Left in November 2020. It's April 2023 and I still haven't visited my folks yet. Since I moved to another country to be with my spouse a lot changed back home and not for the better. Parent who already had a prior health problem has their disease spreading in their body and another parent lost a job. I feel incredibly worried for them and scared if I wait too long there won't be a chance where I can see them again. My finances aren't great rn but I'm thinking of taking a flight back home (USA) around late 2023 or early 2024. Obviously wanna take my partner with me but I'm not sure they can stay as long as I want to (3+ months). WWYD in this situation?
submitted by _A_no_one_ to expats [link] [comments]

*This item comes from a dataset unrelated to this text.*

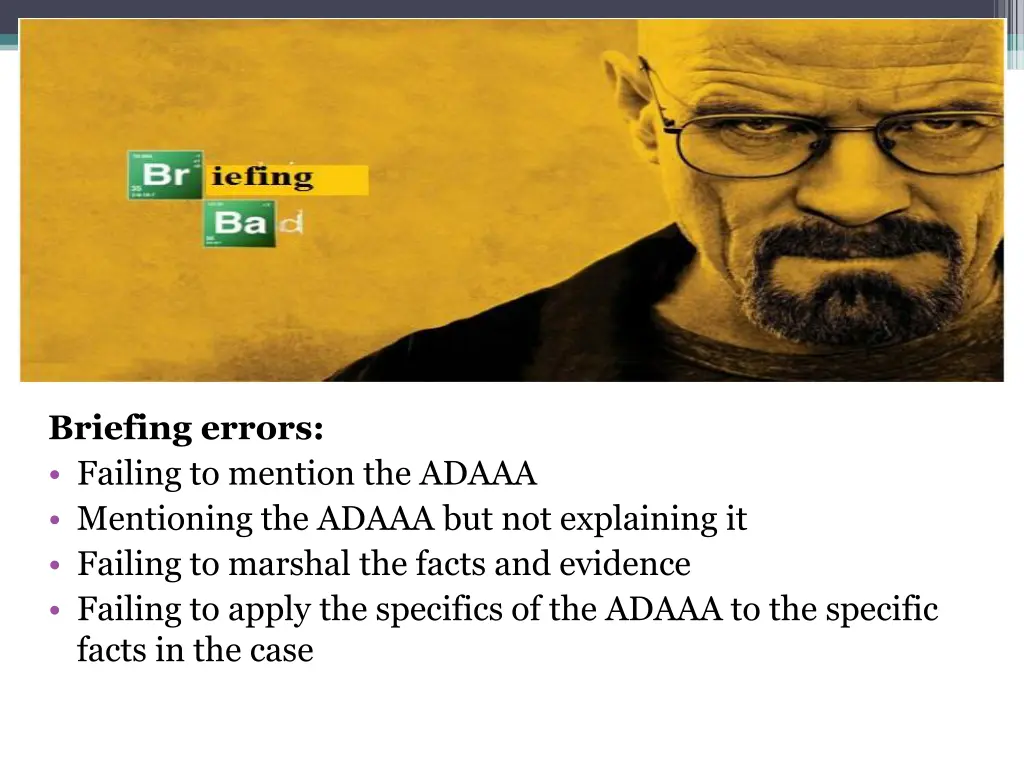 briefing errors failing to mention the adaaa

2023.04.01 22:13 erraticsousse92 BUY DRUGS ONLINE

SHARBONO DISPENSARY is the best place to get quality drugs & medications. I found SHARBONO DISPENSARY online while i was enquiring for the BEST & TRUSTWORTHY DRUGSTORE that can make HOME DELIVERIES to my DOORSTEP and supply MEDS to MUSIC FESTIVALS DISCREETLY earlier this year.
I have known and made purchases with SHARBONO DISPENSARY for some months now and i guarantee you that they provide;

- QUALITY BRANDS AND GENERIC DRUGS
- EASY RETURN POLICIES
- 24/7 CUSTOMER SUPPORT
- SAFETY WITH OR WITHOUT PRESCRIPTION

Which are just the few qualities you should always be looking out for when picking out a good plug for your medications.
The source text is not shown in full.